You know what’s cool? When you get an unexpected care package from a perfumista in a foreign country, full of great (and strange) chocolate thingies labeled in languages you don’t speak, including a box of what looks like chestnut dessert vermicelli. I’d put up a photo of the contents but then the kids would want some, and I’m a heartless wench and I don’t feel like sharing (except for the better-than-Nutella spread, which I surrendered without revealing its source.)
Also included was a cute mini of fragrance I didn’t recognize from the bottle — Revolution à Versailles from Jean Desprez, the folks behind Bal à Versailles. Some internet research on my part revealed … pretty much nothing, except a possible release date of 1989 and one random list of plausible notes: frangipani, jasmine, plum, rose and sandalwood.

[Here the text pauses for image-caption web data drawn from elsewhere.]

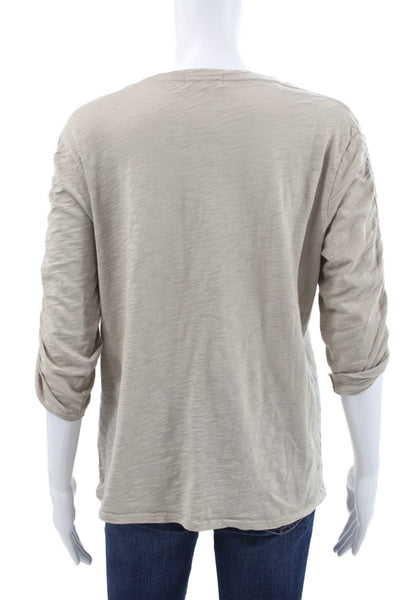 Goldie Womens Basic Beige Pima Cotton Round Neck 3/4 Sleeve T-Shirt Size L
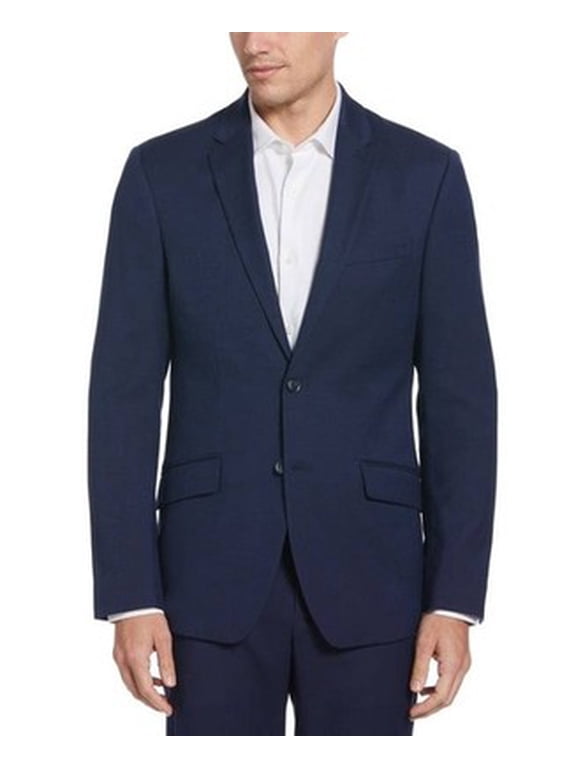 Slim Fit Suit Jacket Men's 40R Deep Navy Solid Pockets Long Sleeve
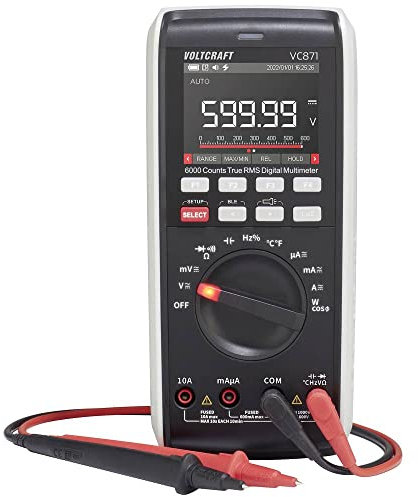 VOLTCRAFT VC871 Hand-Multimeter kalibriert (ISO) digital Datenlogger CAT III 1000 V, CAT IV 600 V Anzeige (Counts): 600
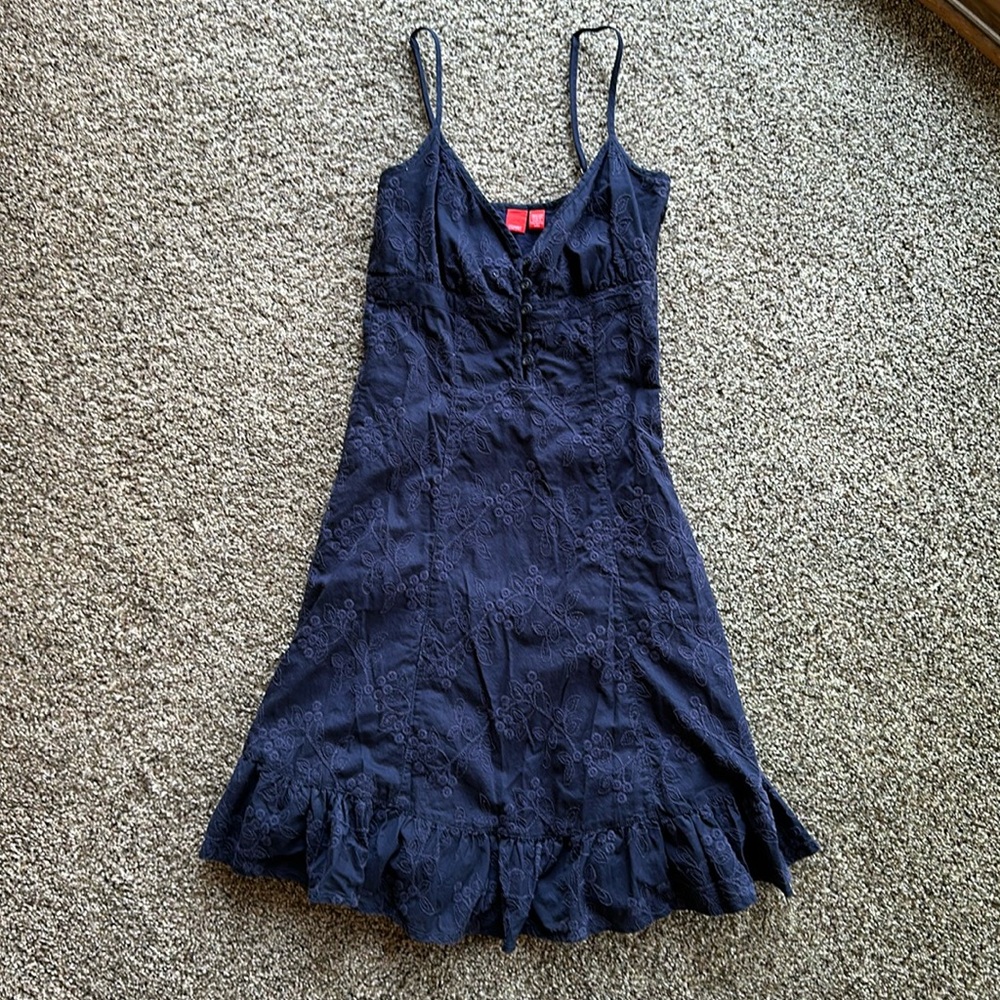 Dark Blue Size 0 Esprit dress with embroidered flowers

If this scent is actually from the late 1980s, I’d believe it – it’s a heavy hitter even in what I think is an EDT concentration (the bottle’s almost impossible to read.) It’s also slightly reminiscent of another poisonous plum of the era – Dior Poison, of course.
I probably scared 90% of you off right there, and I shouldn’t have – it’s much easier to wear. I love me some Poison, but this doesn’t have the death-by-cherry-cough-syrup assertiveness of Poison. After an initial burst of many-vague-florals sweetness, it settles into a beautiful, dark plum and sandalwood, and on my skin that’s pretty much the entire story. It’s less dense than Poison, and less complex/woody than any of the possibly-corresponding scents in the SL Bois series. It lasts and lasts on my skin without demanding too much attention or sucking up all the breathable air around me – although, granted, I’m dabbing it on from a mini.
The sweetness of a plum cordial cut by dry, slightly raspy sandalwood; what’s not to like? During one of my test-drives a male acquaintance blurted out, “You smell really nice!” and then looked totally embarrassed. He’s not the sort of guy who’d ordinarily comment on a fragrance.
Is Revolution à Versailles all that revolutionary? Is it high concept, or genius? Nope. Instead, it’s the sort of thing that I’ve gained more appreciation for in my perfumista journey. It’s old-school pretty without being retro-vintage. It doesn’t work my last nerve on the wrong day, the way Bal or Mitsouko or Femme or another vintage favorite can (no oakmoss, no detectable musky skank.) It’s easy to wear without being boring, and it’s perfect for this time of year. I have no idea whether it was intended to be a ripoff of Poison or not, but it’s cozy and comforting in a way Poison can’t be, classy like a well-cut cashmere sweater, and just a little sexy.
My gift-mini doesn’t look old, and Revolution à Versailles is available all over the internets – a quick search revealing plenty of 1.7 oz. bottles for about $40.